I think most people in this space are familiar with Game of Life, but heres a quick overview:
Conways Game of Life is a grid based simulation of cells. They can die, live or come to life. The rules are very simple but give rise to emergent organic-looking behaviour. Game of Life is actually Turing complete.
The rules are as follows:
First we’ll need some libraries:
import lib.std;
import lib.image;
import lib.math;
import lib.tea;
We will represent the playing grid as a small image. Let’s start with
a 60x60 grid. We can create an image by calling the image
function
with a vector that denotes the size (@(width, height)
):
let w = 60;
let i = image @(w,w);
Note: I left out the types. PocketML can infer them. If you were to click on the typing-button in the editor with the cursor on our image
i
, you would geti : Img
.
To determine if a cell should live or die, we need to know the number of living neighbours. To access the neighbours we will use offsets from the position of the cell we want to check:
let offsets = [
@(-1,-1),@(0,-1), @(1,-1),
@(-1,0),@(1,0), # The middle row has only two cells, because
# we do not want to count the cell itself.
@(-1,1),@(0,1),@(1,1)
];
To get all the neighbouring pixels/cells we will map over the offsets:
map (\offset ->
let p = imgGet buf (v + offset); # v + o is vector addition!
# Out of bounds access to an image returns the empty vector.
if vecLen p == 0 then 0 else
vecAt 0 p)
offsets
Now we can filter them to only get the live cells and then count them using len
.
Let’s also wrap the entire thing in a function:
let nAlive buf v =
let offsets = [
@(-1,-1),@(0,-1),@(1,-1),
@(-1,0),@(1,0),
@(-1,1),@(0,1),@(1,1)
];
len (filter (\x -> x > 0) $
map (\o ->
let p = imgGet buf (v+o);
if vecLen p == 0 then 0 else
vecAt 0 p)
offsets);
We can write the rules from above as a function:
let determineAlive : Bool -> Number -> Bool;
let determineAlive c n =
if c then not (n < 2 || n > 3)
else (n == 3)
;
Now we can copy our image to a buffer for fast read access and map over every pixel
using imgMap
from lib.image. We’ll color live pixels white and dead ones black.

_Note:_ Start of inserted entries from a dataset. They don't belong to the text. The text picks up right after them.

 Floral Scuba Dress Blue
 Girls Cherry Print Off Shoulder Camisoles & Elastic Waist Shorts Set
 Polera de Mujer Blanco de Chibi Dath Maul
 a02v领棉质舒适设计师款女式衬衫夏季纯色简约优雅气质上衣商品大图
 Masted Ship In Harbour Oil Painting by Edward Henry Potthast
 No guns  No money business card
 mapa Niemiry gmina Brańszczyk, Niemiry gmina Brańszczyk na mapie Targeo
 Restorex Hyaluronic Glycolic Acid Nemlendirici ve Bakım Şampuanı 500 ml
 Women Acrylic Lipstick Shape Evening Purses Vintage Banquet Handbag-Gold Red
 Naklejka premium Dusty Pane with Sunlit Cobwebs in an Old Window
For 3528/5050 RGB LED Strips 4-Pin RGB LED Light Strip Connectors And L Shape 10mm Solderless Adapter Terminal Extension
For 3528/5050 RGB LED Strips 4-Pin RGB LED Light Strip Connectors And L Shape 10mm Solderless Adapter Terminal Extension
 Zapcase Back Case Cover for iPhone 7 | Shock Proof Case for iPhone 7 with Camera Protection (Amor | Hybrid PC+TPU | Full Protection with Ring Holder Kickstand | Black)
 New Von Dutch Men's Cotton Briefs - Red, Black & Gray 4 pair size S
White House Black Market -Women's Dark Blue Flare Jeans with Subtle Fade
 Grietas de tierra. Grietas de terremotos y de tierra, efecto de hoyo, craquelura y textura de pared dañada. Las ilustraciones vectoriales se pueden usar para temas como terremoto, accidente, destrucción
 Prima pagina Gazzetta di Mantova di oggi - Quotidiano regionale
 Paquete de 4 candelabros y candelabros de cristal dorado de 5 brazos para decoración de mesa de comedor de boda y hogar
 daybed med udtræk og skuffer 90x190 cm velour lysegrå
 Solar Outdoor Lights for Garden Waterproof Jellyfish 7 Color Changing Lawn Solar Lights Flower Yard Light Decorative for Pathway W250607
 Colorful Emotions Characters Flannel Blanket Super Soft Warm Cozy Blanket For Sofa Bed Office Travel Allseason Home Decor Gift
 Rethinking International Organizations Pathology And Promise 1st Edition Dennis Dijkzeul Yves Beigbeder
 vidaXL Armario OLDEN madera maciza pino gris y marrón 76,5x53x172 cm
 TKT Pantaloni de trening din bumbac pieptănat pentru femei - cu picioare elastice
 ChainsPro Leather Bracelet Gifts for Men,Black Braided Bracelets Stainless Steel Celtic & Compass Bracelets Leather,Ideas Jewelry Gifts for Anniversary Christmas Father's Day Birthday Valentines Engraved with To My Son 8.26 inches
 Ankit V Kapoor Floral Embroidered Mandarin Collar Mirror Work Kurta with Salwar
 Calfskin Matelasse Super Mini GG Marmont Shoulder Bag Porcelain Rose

Note: This mutates our image, which is a sin in functional languages, but we’ll go with it to increase performance
let tick img =
let buf = imgBuf img;
imgMap img (\x y cell ->
let n = nAlive buf @(x,y);
let c = vecAt 0 cell > 0;
if determineAlive c n
then @(255,255,255,255)
else @(0,0,0,255)
);
We could have loaded our image from a file using imgLoad
. Alternatively we
can make a function to add cell patterns from a 2D list:
Note: imap <=> “map with index”. This is similar to/inspired by a for loop with enumerate in python. The builtin
map
functions are also fast because they use python for loops internally.
let addPattern img v p=imap (\y l-> imap # rows
(\x c-> setpixel img (v+@(x,y)) # columns
(@(c,c,c,255) ° 255)
) l) p;
Because we want to actually see the game, we need to build a GUI.
We need update
, the initial state and view
like in ELM.
Let’s count the ticks since the app started to slow down the
games tick/update rate a little:
Note: Our state is
Number
in this case (the number of ticks)! We’ll increase (inc
) it every frame.
let update : Event -> Number -> Number;
let update e t = case e
| Tick -> do
when (divisible t 5) (\_ -> tick i)
inc t
;
The playing field will be displayed using a textured rectangle (TRect
).
let view _ = TRect @(0,0) @(width,width) i;
Now we can start the app using setTick
:
setTick 0 update view
I have added a gosper glider gun:
let _ = do
addPattern i @(15, 20) gosper
;
gosper
is a really big list, so you’ll have to see the source code (gol.ml)
for the details :).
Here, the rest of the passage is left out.